On top of all that, speaking of Measure C, that measure would be in effect if the state went through with their auction threat, whereas as things stand now it’s not at all clear that Measure C applies in the new deal with FMW.  SO…  For everything, turn turn turn, there is a season … and now’s the time to call the state’s bluff.

Video break:  Mayor Mansoor gives ’em HELL!  (sarcasm)

Now sit back and watch Mayor (and Assembly candidate) Allan Mansoor haltingly question the men behind Facilities Management West.  (This is the fuller version – the context – of the scene we saw above.)  Remember, he was not on the negotiating team, but he HAD been the only councilmember to support FMW from the beginning, and continued to vote in their favor even after this outburst.  And remember, they had contributed at least $6000 to his Assembly campaign, which he was forced to return before voting in their favor.

But here he tries to regain a little self-respect by timidly broaching the topic of the abusiveness of FMW’s lawyers to the city team, and also questioning why the cap on the city’s profit-sharing percentage on sponsorship revenue had to be so damn low.  In the absence of FMW’s (relatively) honey-tongued spokesman Guy Lemmon, FMW is here represented by the hapless, half-deaf Rich Dick, and his irascible boss Ken Fait.  They show Mansoor as little sympathy as the Devil did to Faust when he plead for a little more time before having to give up his soul.  (Watch at 5:33, the “Oh shit!” look from Mansoor when Dick calls Fait up to the stand.)

I like that last moment, at 8:15 – Mansoor: “Do you have any other comments?”  Dick:  “Huh?”  Fait from the audience:  “NO HE DOESN’T!”  (laughter)

Why do we say that PUBLIC CONTROL has been given away?

“We understand ‘public ownership,’ at first blush, sounds appealing and desirable.

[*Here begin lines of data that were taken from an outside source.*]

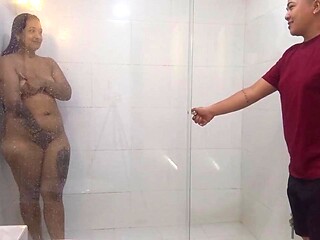 Slutty MichellPaulas Lesbian Ass-Licking Shower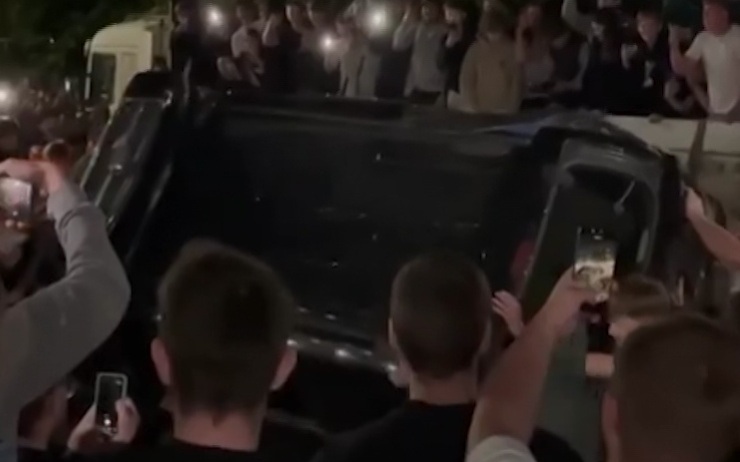 В Львове разгорелся бунт против насильственной мобилизации: разгром автобуса военкомата.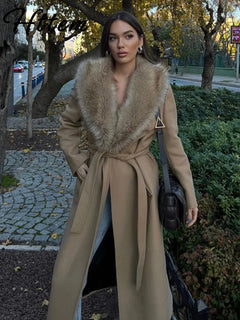 Elegant Fur Lapel Maxi Coats Women Lace Up Full Sleeve Pocket Wool Long Overcoats 2024 Winter New Lady High Street Outwear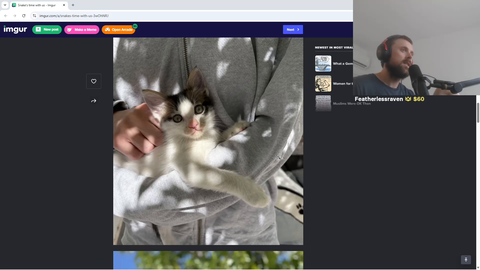 Forsen shows a picture with his cat
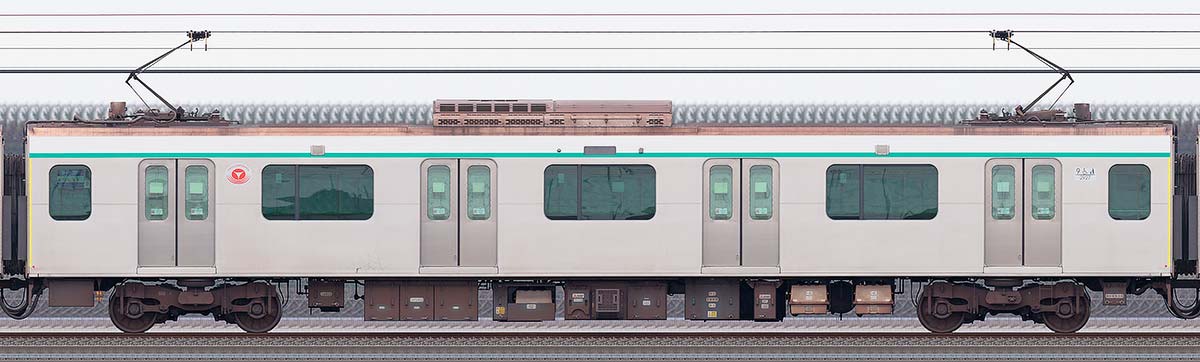 東急2020系デハ2927海側の側面写真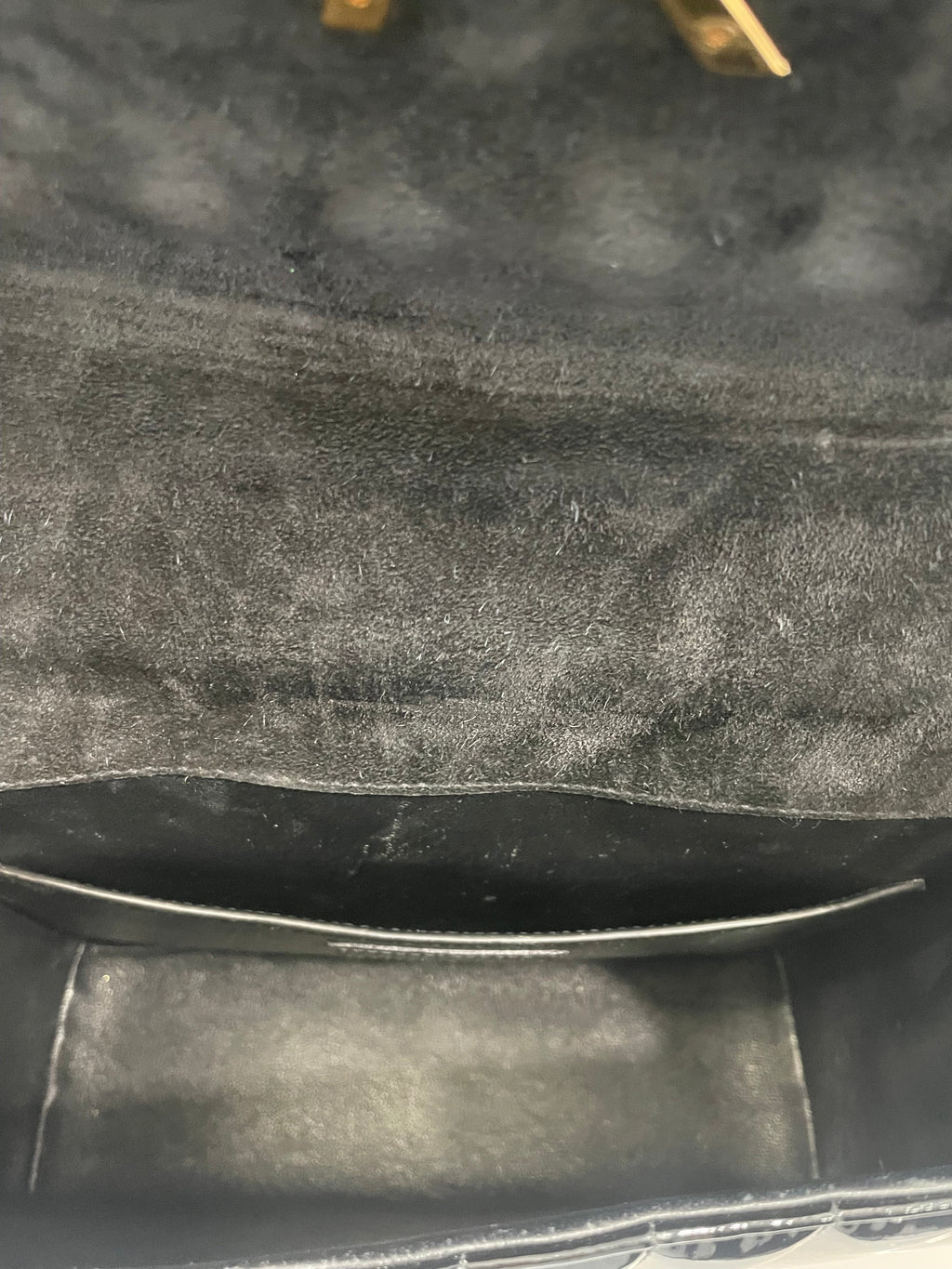YSL PATENT CALFSKIN MONOGRAM LARGE VICKY CHAIN BAG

But, we believe the proposal we have advanced achieves the goals of public ownership without its risks and obligations.”

– Guy W. Lemmon, Facilities Management West, May 10, 2010

The Potstirrer, and folks in Jose Solorio’s office, claim that we’re exaggerating when we say that the City has given up public control of the Fairgrounds. Other inside sources re-assure me that the MOU is just a start, and all our concerns will be addressed in further negotiations.  Well, I say that’s all speculative. All us civilians have to go by is the MOU, which contains what FMW wanted and what they managed to get, and it would be irresponsible of us to assume it’ll get any better.

And what we see is:

“FMW agrees that it will meet on an annual basis with the JPA [that’s the Joint Powers Authority with the city, basically meaning the Council at this point] to discuss the business plan and allow the JPA to make suggestions or provide input. However, FMW shall not be obligated to make any revisions to its business plan based on any suggestions or input received by the JPA.” [emphasis mine]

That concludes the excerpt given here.